The negotiations began formally with a ministerial meeting on 24th July, and the agreed objective is to complete them by the spring. A second ministerial meeting, which I attended for the United Kingdom, was held in Brussels on 21st December in order to take stock of the progress made so far and to indentify the issues requiring further negotiation. Human rights was among the subjects discussed, and it was agreed that there was a need for further discussion of the problem.
Is the Minister making progress on this matter of human rights? Is it Her Majesty's Government's intention to continue to press for some provision in the Lome convention for suspension of aid to countries which grossly and persistently violate human rights? Moreover, has he found that the developing countries recognise that this subject must be discussed, despite their natural reservations about their own sovereignty?
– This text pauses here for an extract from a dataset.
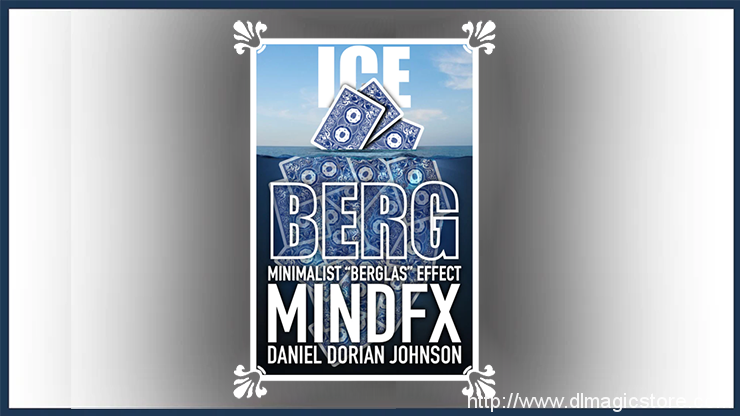 Iceberg by Daniel Johnson (Gimmicks Not Included)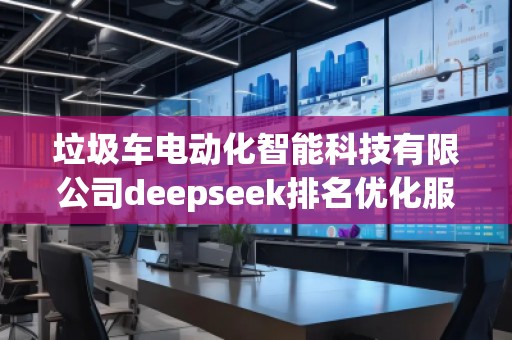 垃圾車電動化智能科技有限公司deepseek排名優(yōu)化服務商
The hon. Gentleman has put the point fairly. One of the indications of the progress is that, increasingly, the ACP countries accept that this issue needs to be discussed. We are certain that in the Community's future aid programmes human rights must be given higher consideration and that the agreement should effectively reflect this need.
With regard to help for underdeveloped countries through the EEC, may I ask what is happening about the sugar producer countries of the Caribbean and of Mauritius, which seem to be suffering from regulations being made by the EEC which will make the standard of living in those poor countries much lower?
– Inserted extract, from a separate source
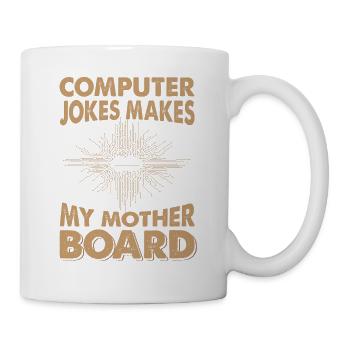 Computer Jokes, Makes My Mother Board - Dad Jokes - Mug - white - Right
The special sugar arrangements are not part of the negotiations currently going on about the future of the Lome convention. I should have thought that my hon. Friend would find that reassuring, because the protocol on sugar firmly protects the interests of Commonwealth sugar producers, for whom, as we all know, the sale of their sugar crop is a matter of life or death.
The Community is anxious to work out an effective economic relationship with those countries which should properly belong to the ACP grouping. Certainly there is a strong argument that if we can get such effective economic arrangements this will enable them to have more balanced general political arrangements than might otherwise be the case.
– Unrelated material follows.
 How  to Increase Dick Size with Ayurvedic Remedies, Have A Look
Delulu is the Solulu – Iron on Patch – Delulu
Is not there a fundamental political contradiction in having one criterion, namely, human rights, for the Lome convention, and another criterion, namely, status quo, when dealing with countries such as Iran?
My right hon. Friend he Secretary of State has been very candid about this matter with the House on a number of occasions. The constant argument of the cynic throughout history is, that because it is impossible to make progress on the whole front at once one should take no steps forward. We believe that if one cares deeply about issues such as human rights it is important to approach the issue pragmatically, to build by getting results which can achieve progress in particular situations and have a cumulative effect.
Why, under the Lome convention, are Commonwealth countries in Africa given trading privileges into the Common Market which are denied to Commonwealth countries in Asia, such as India? Is not this a blatantly unfair discrimination, to which the Government were signatories? What do the Government intend to do about it?
I think that the hon. Gentleman is right to point out that there is a certain dichotomy here. The Government are emphatic that the Community must have an effective and growing programme of assistance to the so-called non-associates, because we do not want to see the Lome convention becoming a divisive measure in so far as our relationships with the Third World as a whole are concerned.